_What the task asks_. Once the images are removed, set down everything else in the listing below exactly.

-*-*-

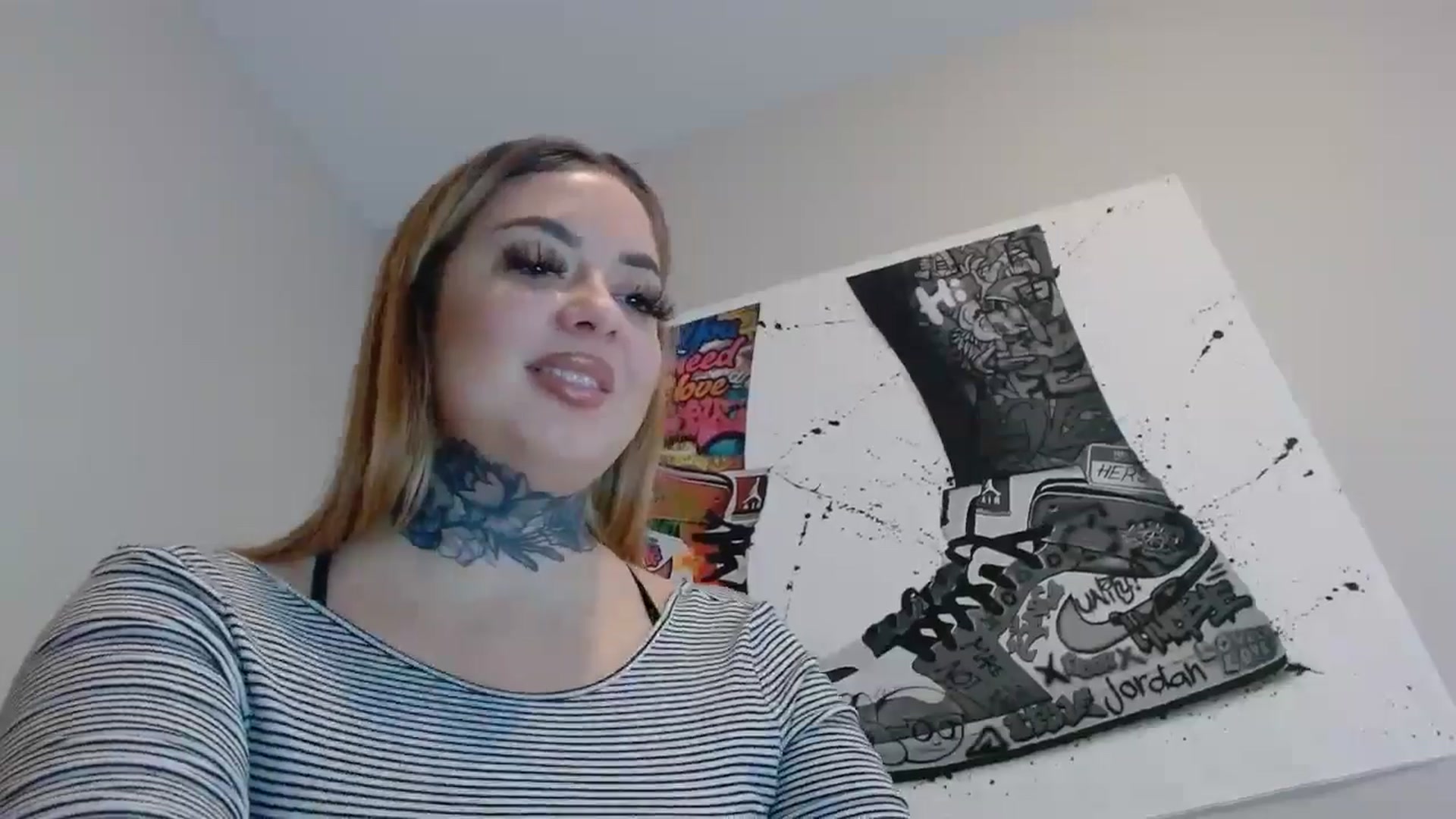 Gallery image thumbnail from IllusionBby's myfreecams stream on, 01/02/2025, 09:16 image 17 of 20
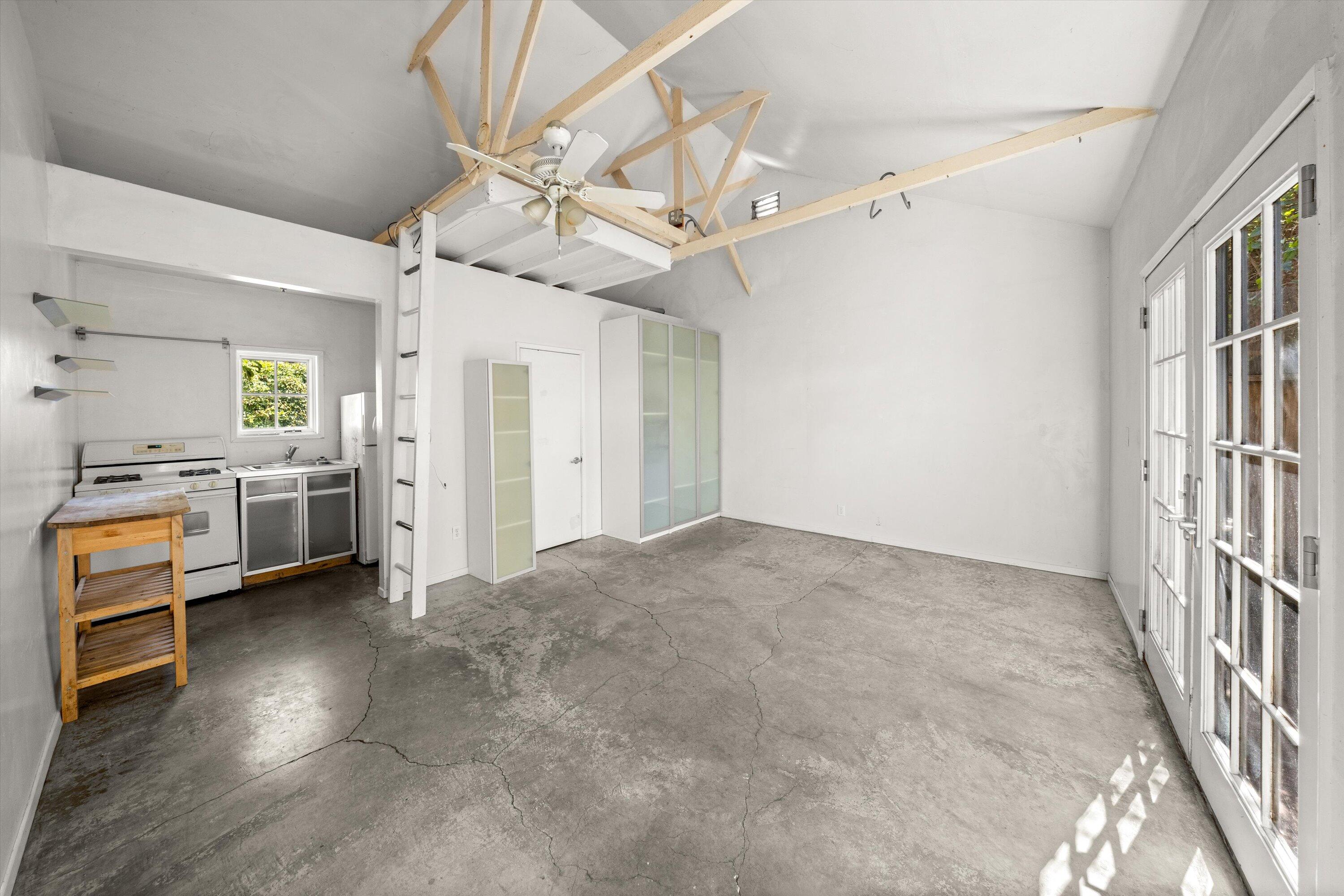 302 N Soledad Street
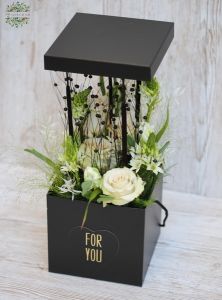 Moderne Schwarze Box mit Kremfarbige Blumen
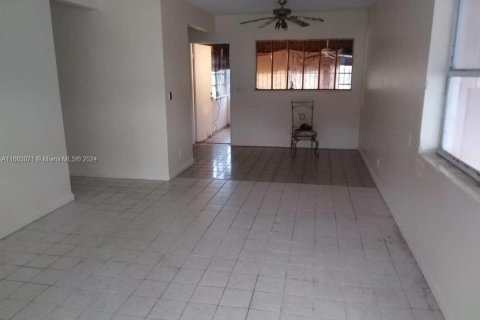 House in West Palm Beach, Florida 3 bedrooms, 115.38 sq.m. № 1221950 - photo 17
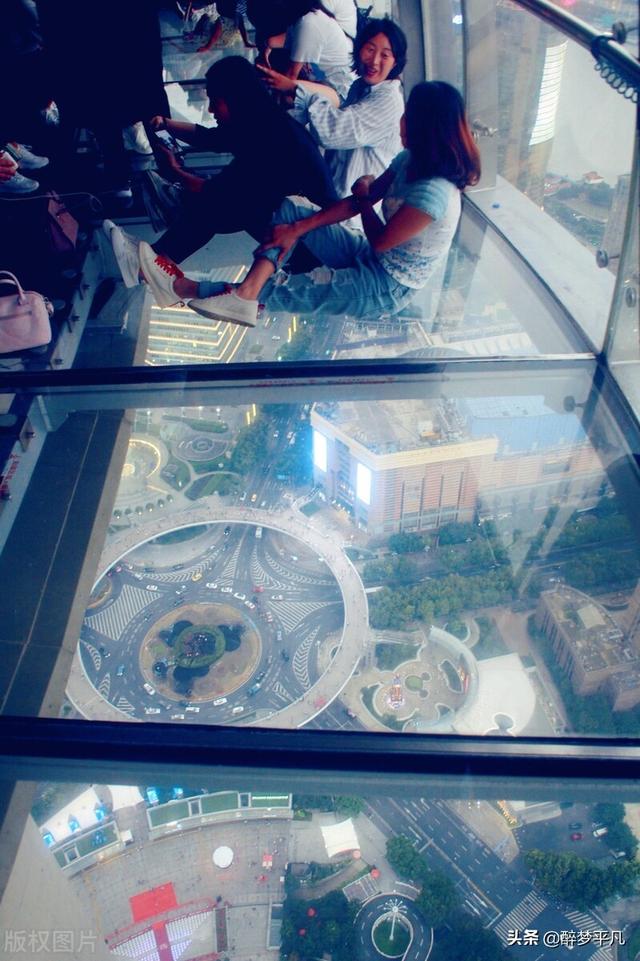 上海标志性建筑（上海东方明珠广播电视塔）(21)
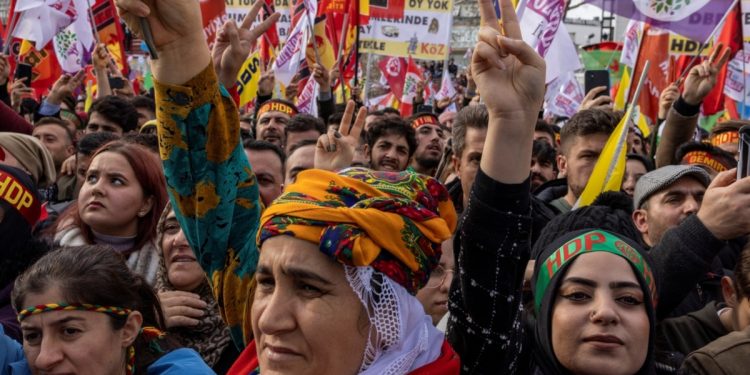 HDP’den Hesap Blokesine Karşı Yardım Kampanyası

-*-*-

_Written solution_.
 Gallery image thumbnail from IllusionBby's myfreecams stream on, 01/02/2025, 09:16 image 17 of 20
 302 N Soledad Street
 Moderne Schwarze Box mit Kremfarbige Blumen
 House in West Palm Beach, Florida 3 bedrooms, 115.38 sq.m. № 1221950 - photo 17
 上海标志性建筑（上海东方明珠广播电视塔）(21)
 HDP’den Hesap Blokesine Karşı Yardım Kampanyası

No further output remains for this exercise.